Ignacio Luri – Synthetic Data: A New Tool for Teaching at DePaul

Ignacio Luri (Assistant Professor, Department of Marketing) presented “Synthetic Data as a Teaching Tool” at the AI in Teaching Symposium, May 31, 2024.

In his presentation, Luri explores the innovative use of synthetic data in the classroom. Synthetic data, as Luri explains, is artificially created data that mimics real-world data. This isn’t a new concept; simulations, for example, have long been used in teaching.

What’s new is the application of AI, particularly generative AI models, to create synthetic data. This AI-generated synthetic data simulates human responses, such as survey or interview data. While the validity of synthetic data for research or real-world applications is still being debated, its potential for teaching is significant.

AI as a Research Participant

Luri highlights the idea that large language models (LLMs) can effectively act as research participants in a teaching context. This opens exciting possibilities for engaging students in practical learning experiences.

Examples of Synthetic Data Use in Teaching

Here are three examples of how Luri uses synthetic data in his classes:

  1. Teaching Interview Skills: Students can practice interview techniques in a safe and controlled environment by interviewing a chatbot powered by ChatGPT. This allows them to apply their learning and receive feedback on their skills without the pressure of a real interview.
  2. Quantitative Data Analysis: Synthetic data can be used to teach quantitative data analysis skills. By generating synthetic survey data with specific characteristics, students can practice data cleaning, descriptive statistics, and even predictive modelling.
  3. Positioning and Segmentation: Tools like Synthetic Users can generate diverse synthetic participant profiles with unique backgrounds, personalities, and demographics. This allows students to explore real-world marketing and social science concepts like positioning, segmentation, and persona development.

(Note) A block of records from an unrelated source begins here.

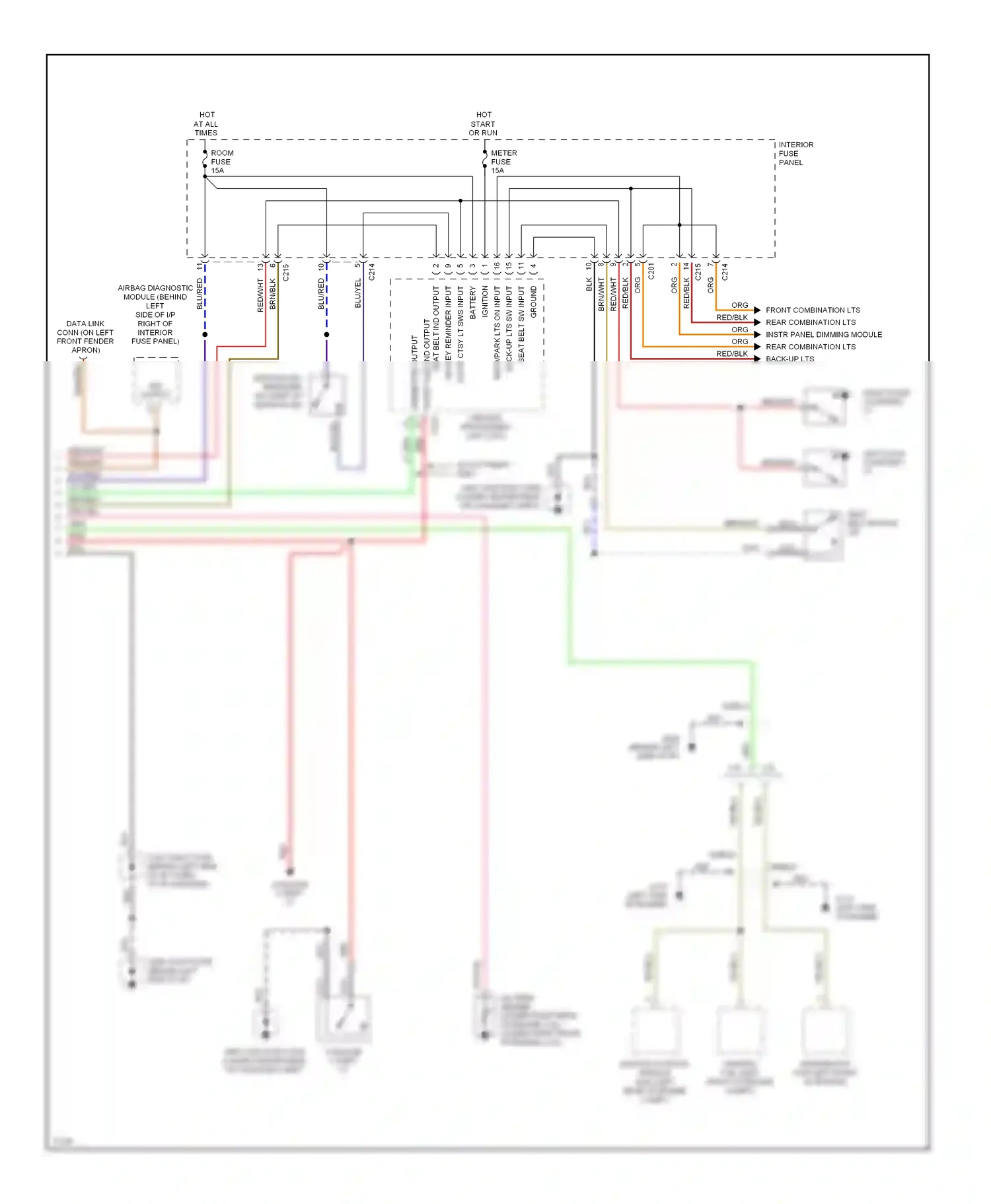 Ford Probe II (1992-1997) shield wiring diagram  (1 of 1)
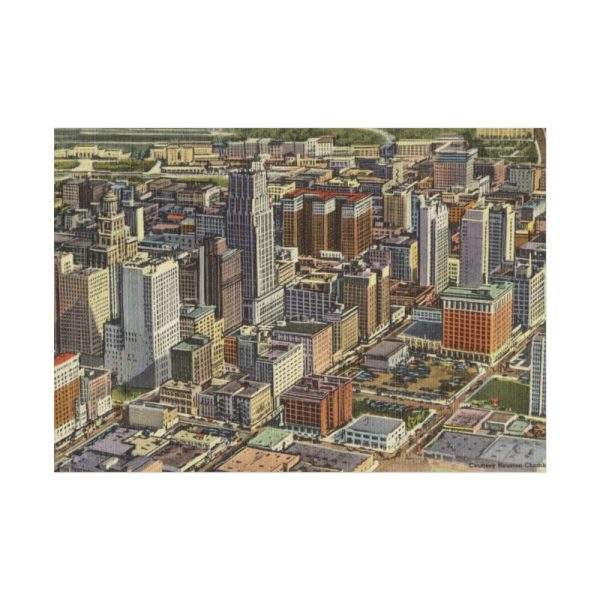Recent Skyline View of Houston Poster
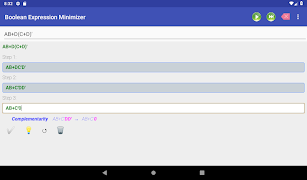 6 Schermata Boolean Expression Minimizer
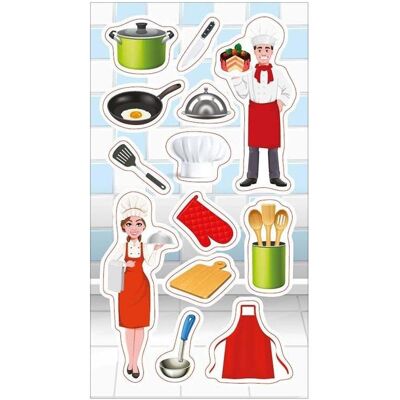 Incood, Sticker, Kochaufkleber (13 Sticker) Incood, Sticker, Kochaufkleber (13 Sticker)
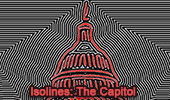 Isolines illustration: The United States Capitol, Washington D.C.
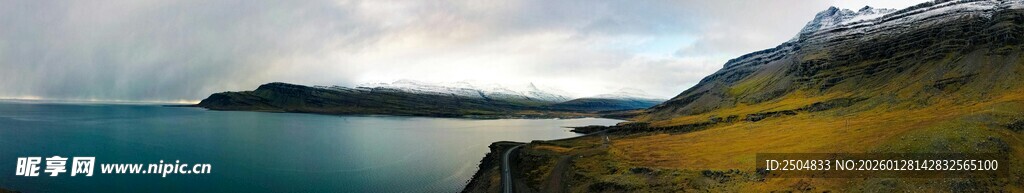 海岸风光 青山碧海美景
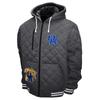 2Bhip NCAA University of Kentucky Wildcats Adult Gray Full Zip Soft Quilted Hoodie Coat Jacket with Pockets view 1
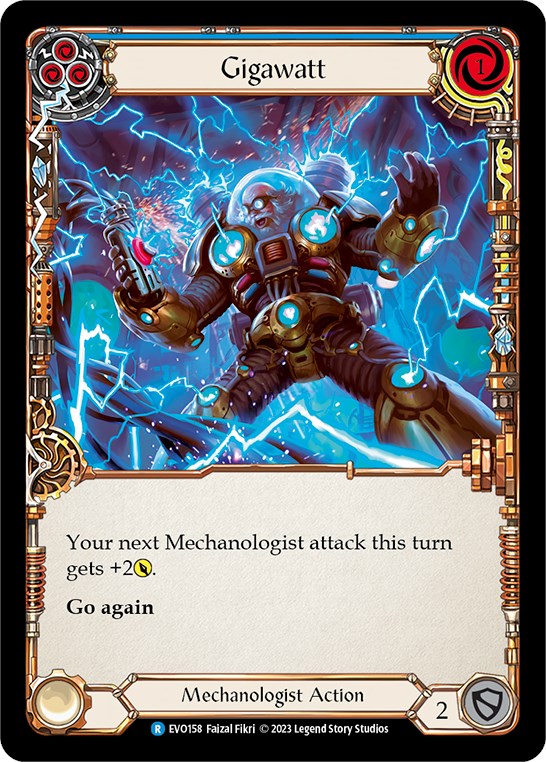 Gigawatt (Blue) [EVO158] (Bright Lights)  Rainbow Foil | Good Games Cannington
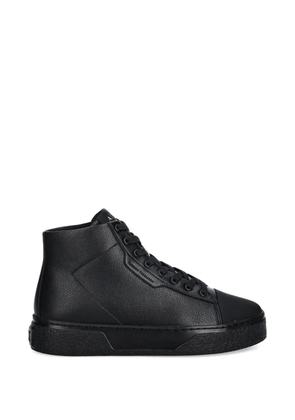 Armani Exchange high-top sneakers - Black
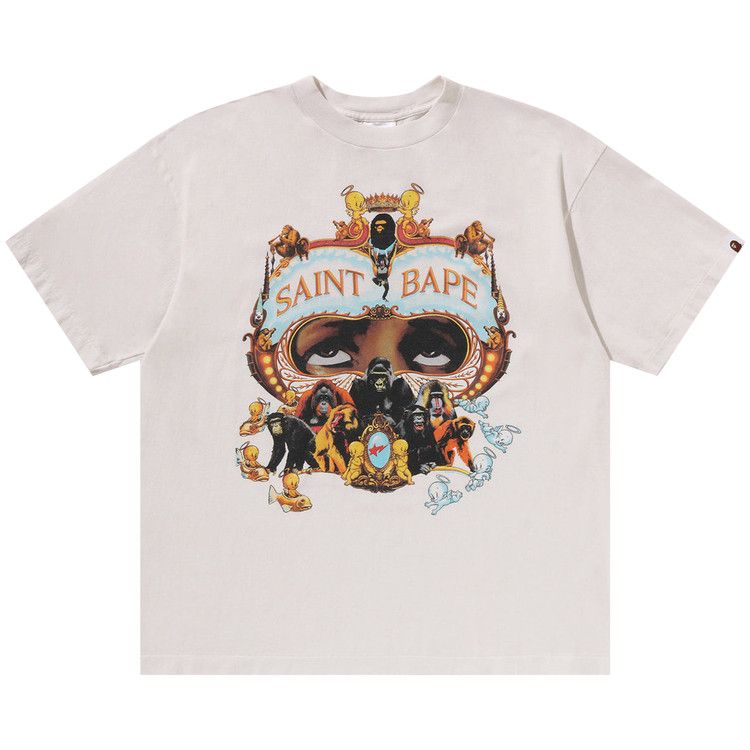 Футболка BAPE x SAINT Mxxxxxx Generation Tee, White
Футболка BAPE x SAINT Mxxxxxx Generation Tee, White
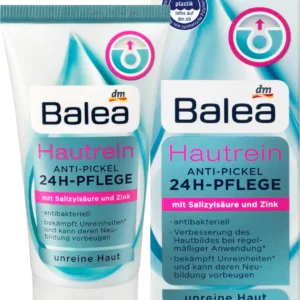 کرم مرطوب کننده ضد جوش باله آ حاوی اسید سالیسیلیک و زینک hautrien anti pickle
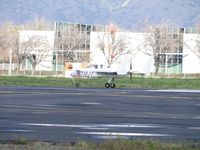N718JT @ POC - Gaining speed for lift off - by Helicopterfriend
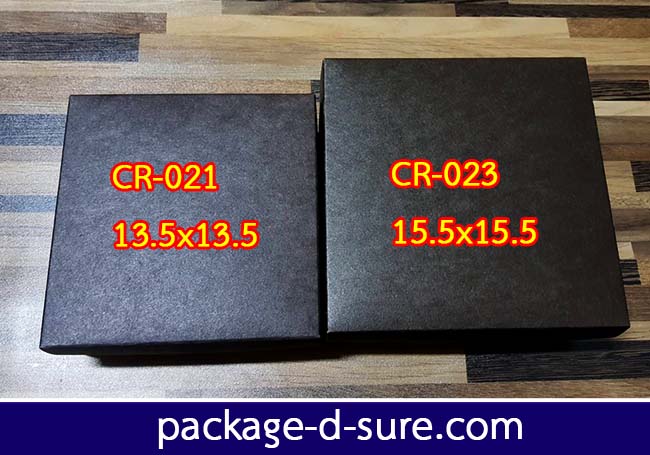 โปรโมชั่น//กล่องคราฟสี่เหลี่ยมจัตุรัส ฝาเปิดบน แยก 2 ชิ้น 13.5x13.5x5 cm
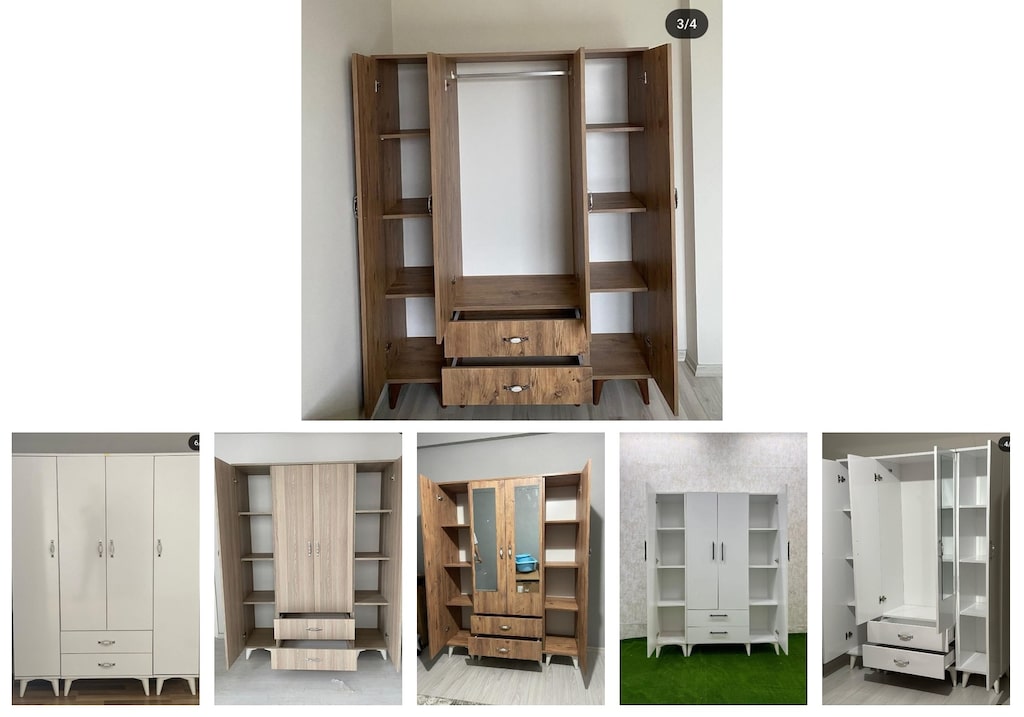 4 kapaklı elbise dolabı ptcqlcmrcb - 6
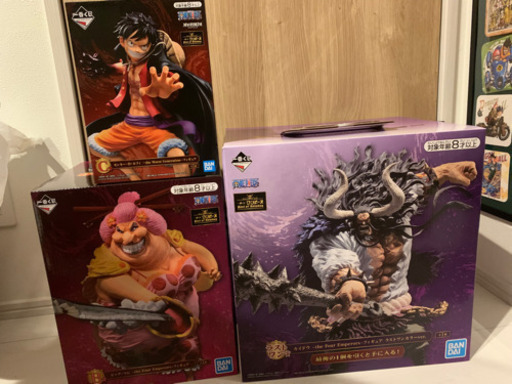 ONE PIECE ワンピース 一番くじ Best of Omnibus ラストワン賞 カイドウ B賞ビッグ・マム　C賞ルフィ　フィギュア　未開封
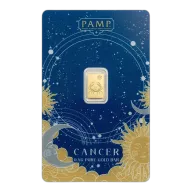 0.5g Zodiac Cancer Gold Bar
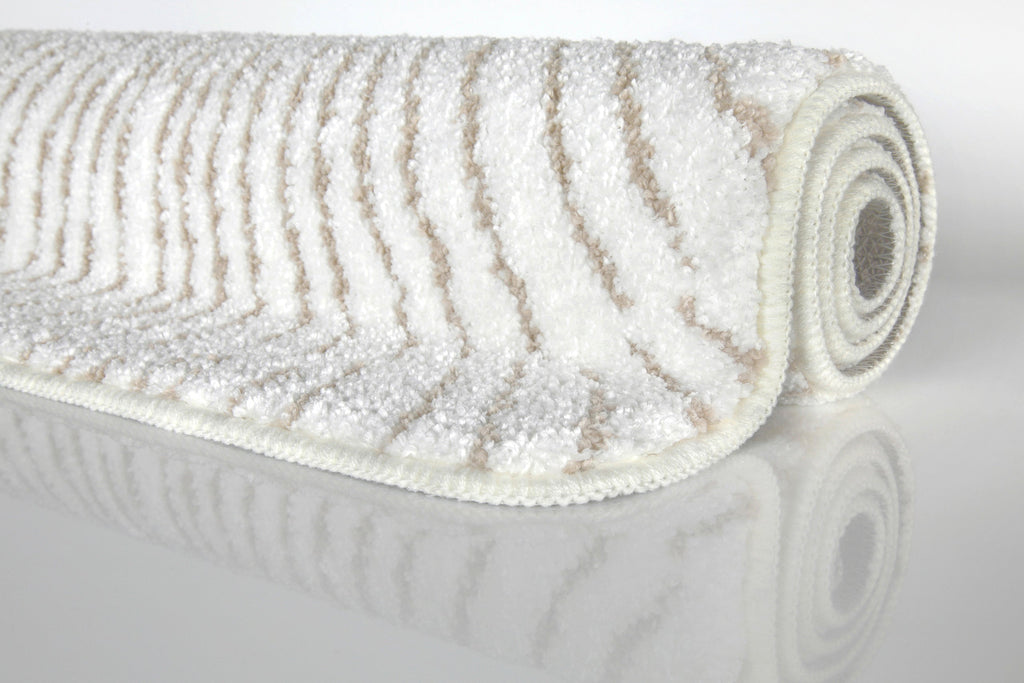 Badteppich Weiß Beige "Jasbeer" WECONhome Basics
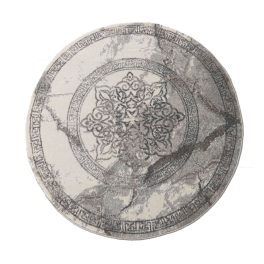  Tepih Modern Dy. VISTA 04 siva rozeta krug 100 cm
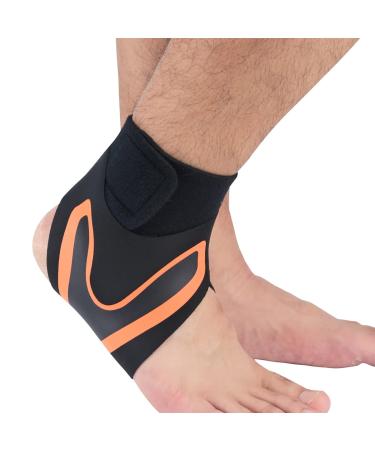 A Pair of Sports Ankle Support Sleeves Sponge Pressurized Antitwist Ankle Support for Football Mountaineering (L) L L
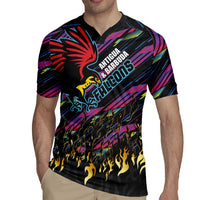 Custom Antigua & Barbuda Cricket Falcons Rugby Jersey Through The Fire - Wonder Print Shop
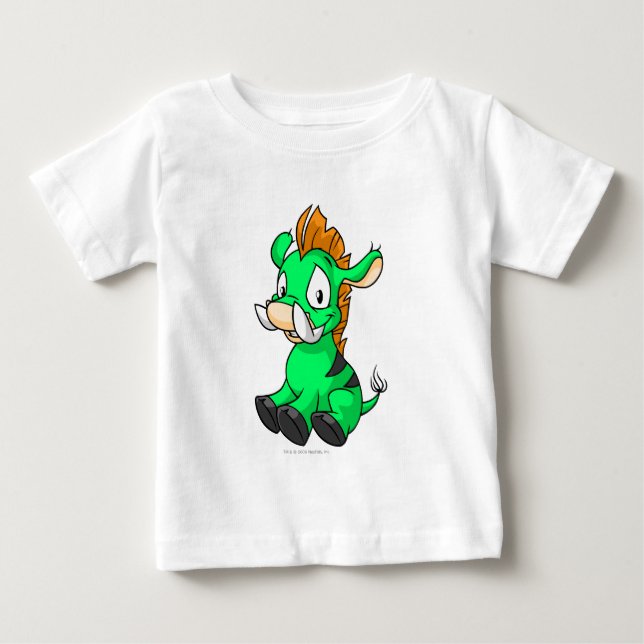 T-shirt Pour Bébé Moehog Green (Devant)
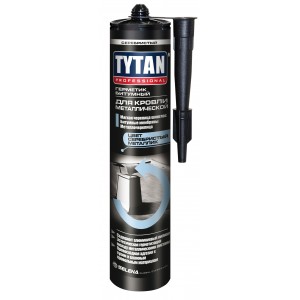 Герметик для металлической кровли серебристый битумный "TYTAN Professional" / 310 мл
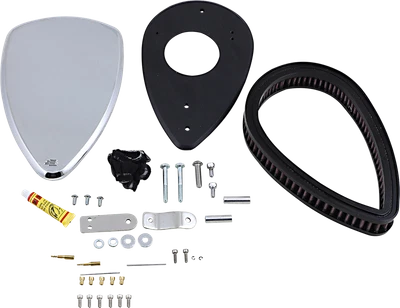 $340.16 • Buy Smooth Big Air Kit Cleaner Filter Assembly Chr Washable Yamaha V Star 650 98-16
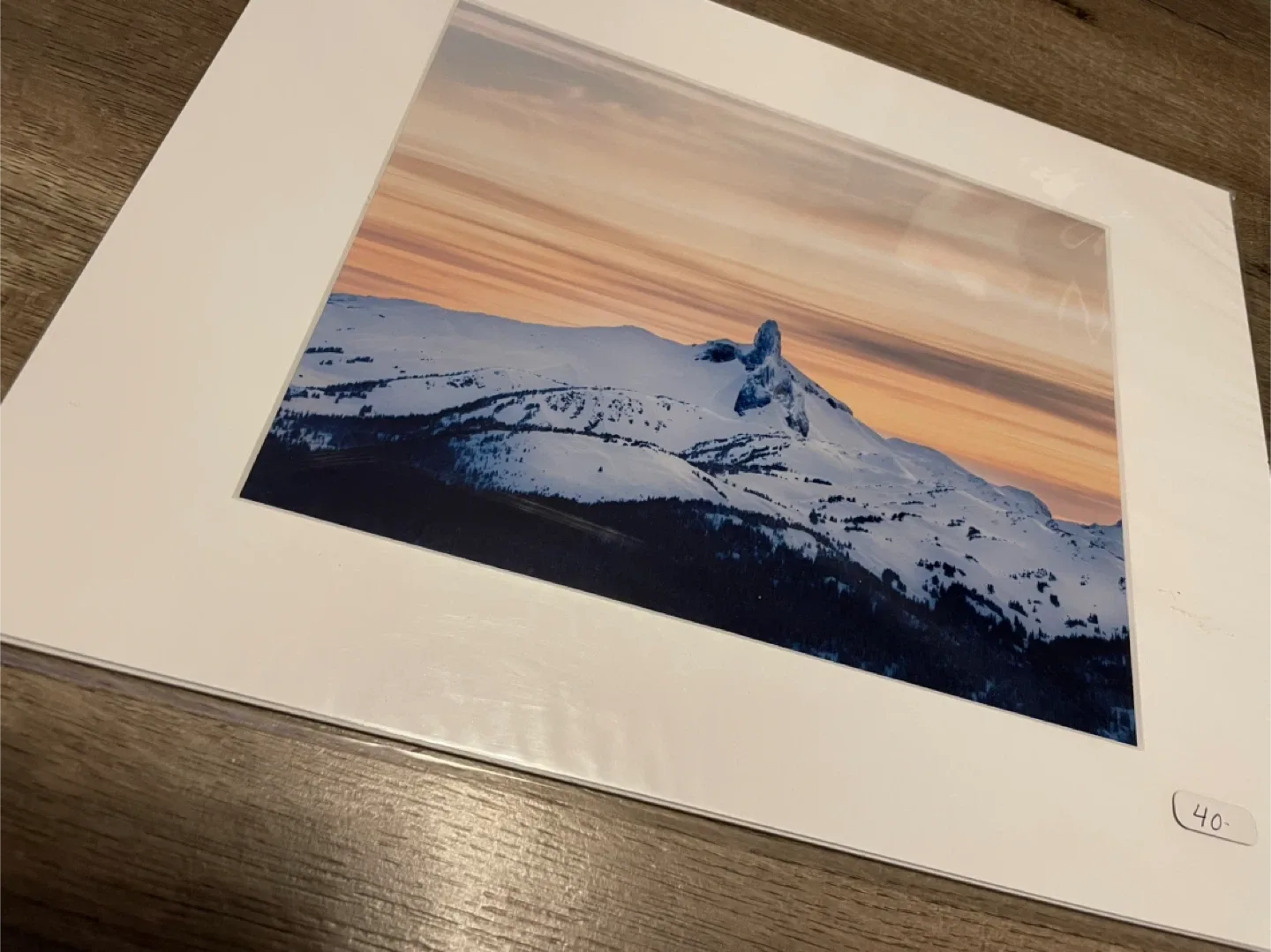Black Tusk Mountain Print 8x10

Benefits of Using Synthetic Data

  • Accessibility: Synthetic data allows students to engage with data analysis and research methods without needing access to real-world data, which can be difficult or costly to obtain.
  • Safety and Ethics: Synthetic data avoids ethical concerns related to using sensitive or private real-world data, especially when teaching students.
  • Control and Experimentation: Instructors can control the characteristics of synthetic data to create specific scenarios and experiment with different variables, providing tailored learning experiences.

Luri believes that synthetic data will become increasingly mainstream in education. It’s a powerful tool for teaching research methods, data analysis, and critical thinking skills. Beyond these practical applications, synthetic data also provides a platform for discussing the broader ethical implications of AI, such as representation, bias, and human substitution.